I learnt my lesson about visiting early on. It was about ten o’clock on a Saturday morning on my first ward after qualifying when a lady rang up to ask if she could come in and see her mother in the next half hour. I explained there was no visiting in the morning and advised her to come in during the afternoon instead. I thought I was doing the right thing – every ward I had ever been on had enforced visiting hours very strictly and prospective visitors who dared to question the prescribed regime were soon faced down by sister’s basilisk stare and stern declaration that ‘patients need REST’.

Imagine my surprise then, when about twenty minutes later, the duty nursing officer, the very person whom I would have most expected to nod approvingly at my actions in denying visiting rights, stormed onto the ward and tore a strip off me.

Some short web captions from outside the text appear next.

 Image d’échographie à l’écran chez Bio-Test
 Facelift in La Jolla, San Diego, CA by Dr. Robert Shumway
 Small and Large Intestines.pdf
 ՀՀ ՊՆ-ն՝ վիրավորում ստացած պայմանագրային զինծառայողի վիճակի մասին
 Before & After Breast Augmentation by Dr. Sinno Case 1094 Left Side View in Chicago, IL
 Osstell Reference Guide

The lady I had spoken to had refused to let it lie. She’d made a complaint. Of course, I’ll never know if the nursing officer who bawled me out that day was truly supportive of the case for unorthodox visiting arrangements – or if she just wanted to paint herself as Mrs Sweet Reason at my expense; but even now I can hear the serpentine question she floored me with crawling around my brain. “Is this place” she asked “a prison?” Since that day, I don’t think I’ve ever denied a visitor access to a ward.

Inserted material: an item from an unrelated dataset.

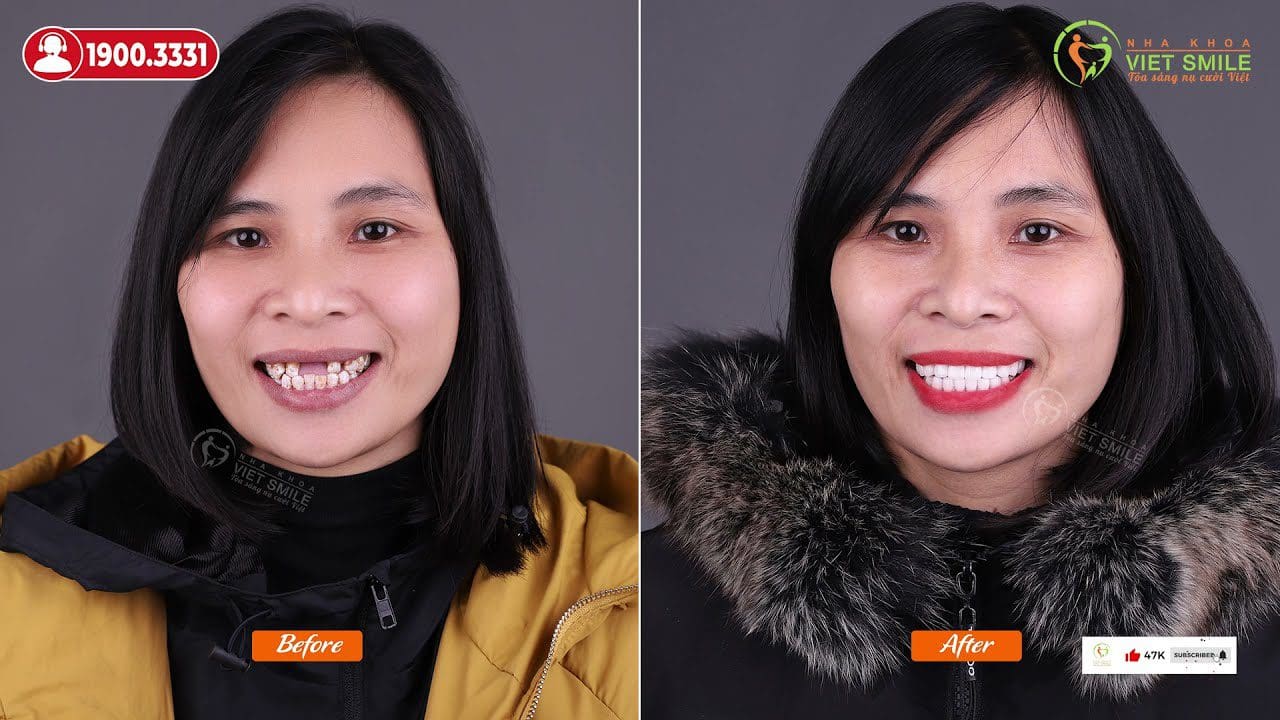 Nha khoa VIET SMILE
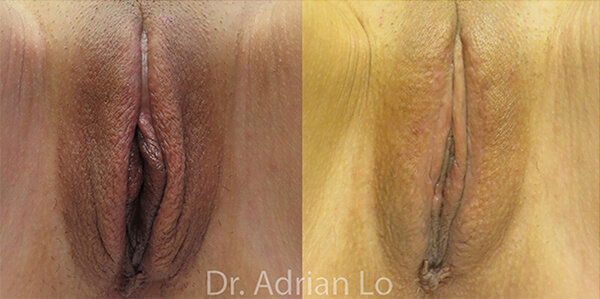 Labiaplasty patient Before and after number 3 Results may vary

The recent debate on hospital visiting hours has certainly got people talking. It was kicked off by a blog post in which the estimable Wendy Sinclair described the very distressing experience of being turned away from the ward where her father was being cared for, on the grounds that visiting didn’t start ‘for another thirty minutes’. Even after she tried to explain her personal circumstances and how difficult it would be for her to come back later, staff still did not relent. Can you imagine how angry that would make you? To know that your relative, probably lonely and anxious, was just yards away from you, but you were barred from seeing them because some jobsworth who barely knew them said – for no intelligible reason – that you couldn’t? And that’s that? I’d have felt like blowing the bloody doors off.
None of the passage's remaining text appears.